Data retention policies and archiving strategies

These concepts aren’t just important for passing the exam; they are essential for anyone working with data on AWS or any other platform.

Table of Contents

Understanding Data Retention

Data retention policies govern how long an organization retains its data. Different types of data need to be kept for varying lengths of time depending on regulatory requirements, business needs, and various other factors.

AWS offers several services that can help implement effective data retention policies:

Amazon S3 Lifecycle Policies: You can use these policies to automate moving your S3 data to different storage classes at set times or delete it altogether. For example, you may define a lifecycle policy to move data older than 30 days to S3 Standard-IA (Infrequent Access) to save on storage costs and then delete the data altogether after 365 days.
Amazon Glue Data Catalog: The Glue Data Catalog is a centralized repository that stores metadata from different AWS data stores. With it, you can easily keep track of the lifecycle of your different datasets.
AWS Backup: AWS Backup offers a centralized service for backing up data across AWS services. You can set backup policies that define how frequently backups should occur and how long they should be retained.

Data Archiving Strategies

Data archiving consists of moving data that is no longer actively used to a system designed for long-term retention. AWS provides multiple services to help implement archiving, the most notable being Amazon S3 Glacier and Amazon S3 Glacier Deep Archive.

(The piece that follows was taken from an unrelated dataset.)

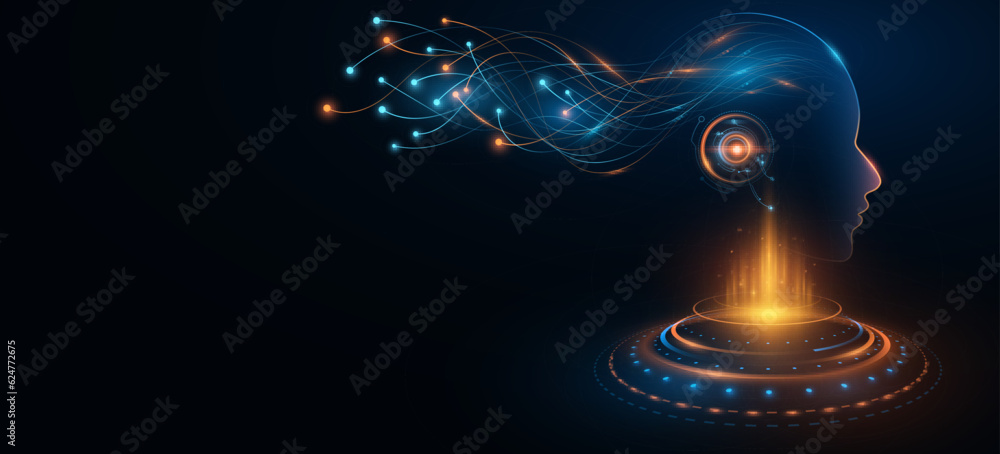 Poster cyborg with neural connectors analyzes neural network data with futuristic glowing hud circle. artif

Amazon S3 Glacier is a storage class within Amazon S3 that provides secure and durable storage for data archiving and backup. With S3 Glacier, you can store data for as little as $0.004 per gigabyte per month.

Amazon S3 Glacier Deep Archive is another storage class within Amazon S3, designed to be the lowest cost cloud storage service. It allows you to archive data that might only need to be retrieved a few times a year, such as regulatory archives.

S3 Glacier	S3 Glacier Deep Archive
Ideal for data that is accessed infrequently, but requires rapid access when needed	Suited for data that is rarely accessed and for which retrieval times of several hours are acceptable
Retrieval times from a few minutes to several hours	Retrieval times within 12 hours
Data stored for as low as $0.004 per gigabyte per month	Data stored do as low as $0.00099 per gigabyte per month

In your archiving strategy, you should also consider using lifecycle policies to automate the transition of data to Glacier or Glacier Deep Archive.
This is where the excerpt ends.